For public and private hometown companies who may in the future find themselves in the crosshairs of activist investors, it may be wise to consider a new line of defense. In recent years, several states have adopted model legislation for a different kind of corporation, known as a benefit corporation—or B corp for short—that allows a board of directors to focus on broader public benefit purposes, such as their workers, communities or the environment, rather than just maximizing shareholder value in the short term.

Under traditional public company corporate law, a board of directors that has decided to sell a corporation has a duty to maximize shareholder value and sell to the highest bidder, even in transactions governed by the business judgment rule. Directors cannot consider other interests, such as creating sustainable long-term value for shareholders or the domino effect on a small town when it loses its primary employer.

According to B Lab, a nonprofit organization (, 31 states including the District of Columbia have passed B corp legislation, and legislation is currently proposed in an additional five states. Delaware's recently amended public benefit corporation law is being promoted by Delaware Chief Justice Leo Strine, among others, as the leading vehicle for directors and officers who wish to do the right thing overall, for stockholders, customers, employees, society and the environment.

Delaware originally passed its benefit corporation legislation in July 2013, and effective August 1, 2015, amended the law to make it easier for public companies to become benefit companies by (1) reducing the shareholder vote needed to convert an existing corporation from 90 percent of each class of shares to 66 2/3 percent of all shares voting as a single class and (2) eliminating dissenters' rights in public companies wishing to convert to benefit corporations.

A Delaware B corp is the same as a traditional corporation, except:

  • Corporate purpose is expanded to require that it operate in a responsible and sustainable manner and identify one or more public benefit purposes, such as promoting positive effects (or reducing negative effects) on the B corp's workers, its community or its customers, among other possible public benefit purposes;
  • Corporate accountability is expanded to require directors to "balance financial interests of shareholders with . . . the best interests of those materially affected by the corporation's conduct" (and the identified specific benefit purpose), and shareholders have a private right of action to enforce the new purposes; and
  • Transparency is expanded to require a report at least every two years to shareholders about the corporation's overall impact on its objectives to promote its public benefit purpose, as measured by objective factual information.

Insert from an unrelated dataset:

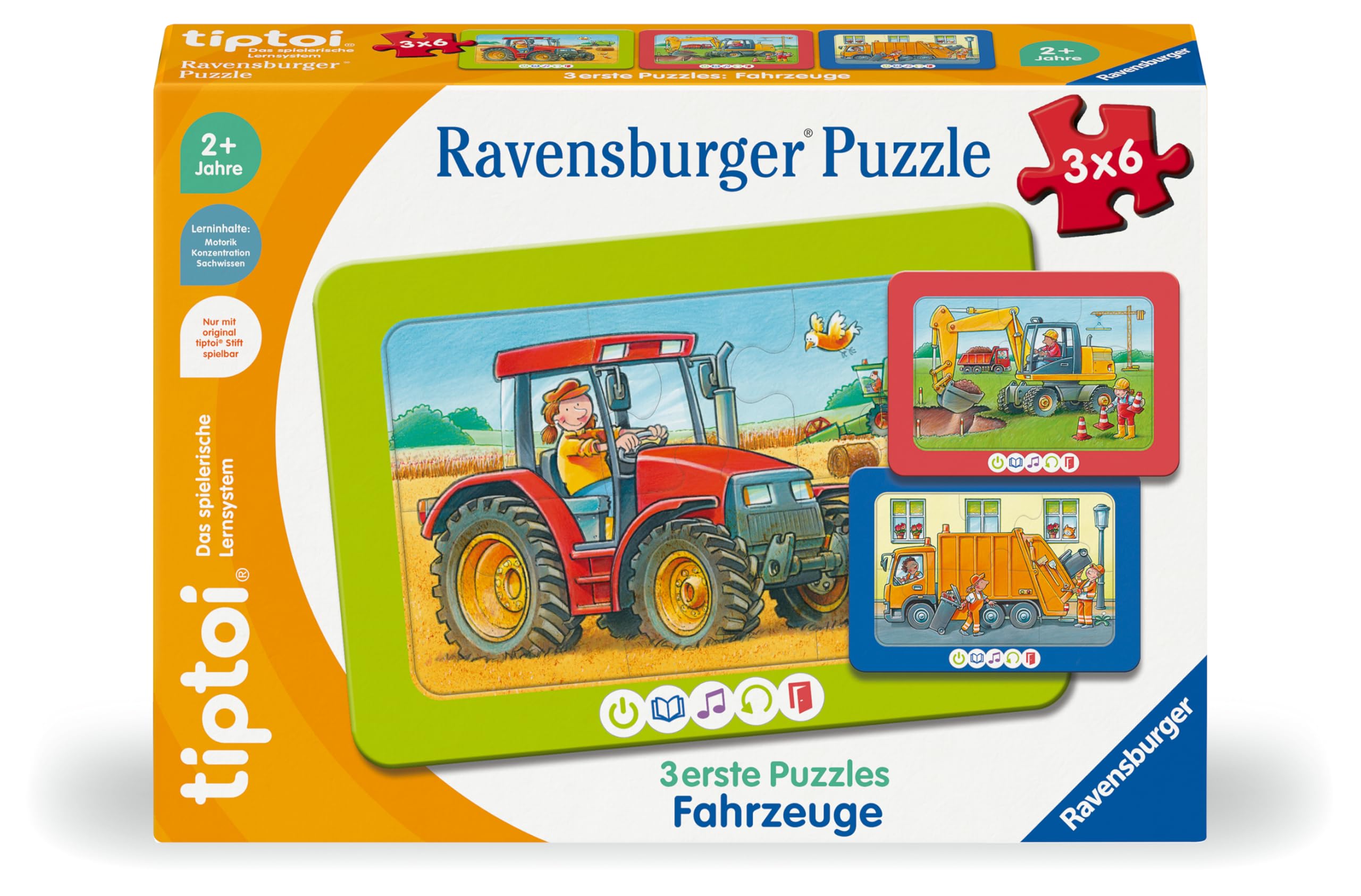 Ravensburger tiptoi Puzzle 00227-3 – Erste Puzzles: Fahrzeuge (Rahmenpuzzle)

Other potential benefits of B corps may include enhanced public relations, stemming from the report to shareholders outlining the corporation's overall impact on its objectives to promote its public benefit purpose, which could lead to stronger employee satisfaction, customer loyalty, longer-term financial performance and sustainability.

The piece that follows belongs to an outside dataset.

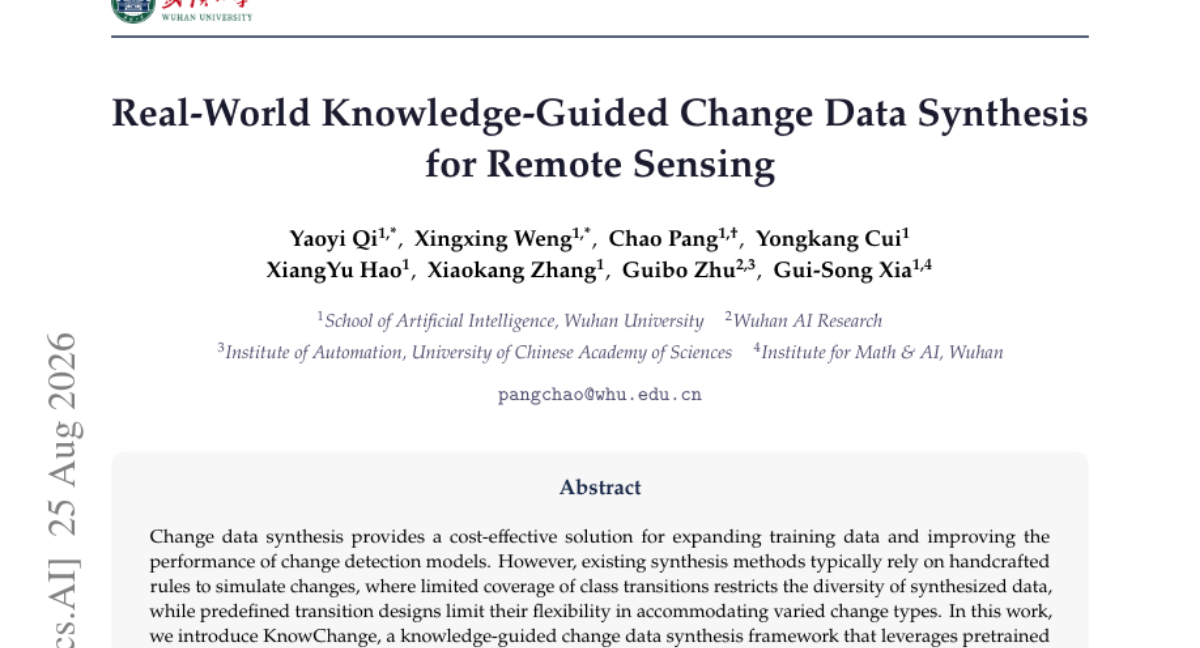 Real-World Knowledge-Guided Change Data Synthesis for Remote Sensing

Last year, online consumer marketplace Etsy, Inc. became the largest certified B corp to go public. Etsy, a Delaware corporation listed on Nasdaq, must convert to a public benefit corporation by 2017 to maintain its B corp status under the current B corp certification requirements. Etsy's values, listed in its Annual Report on Form 10 K for the year ended December 31, 2015, filed with the SEC on March 1, 2016, include:

We plan and build for the long term. We want to build a company that lasts, and we plan to measure our success in years and decades. Etsy sellers in particular depend on us and on our platform to grow their businesses, so we will strive to make decisions that are best for the long-term health of our ecosystem. Our ecosystem consists of Etsy and the people and communities around the world who benefit from our platform.

It's too early to tell whether the B corp trend will catch fire, but for now it gives a ray of hope to private and public hometown companies.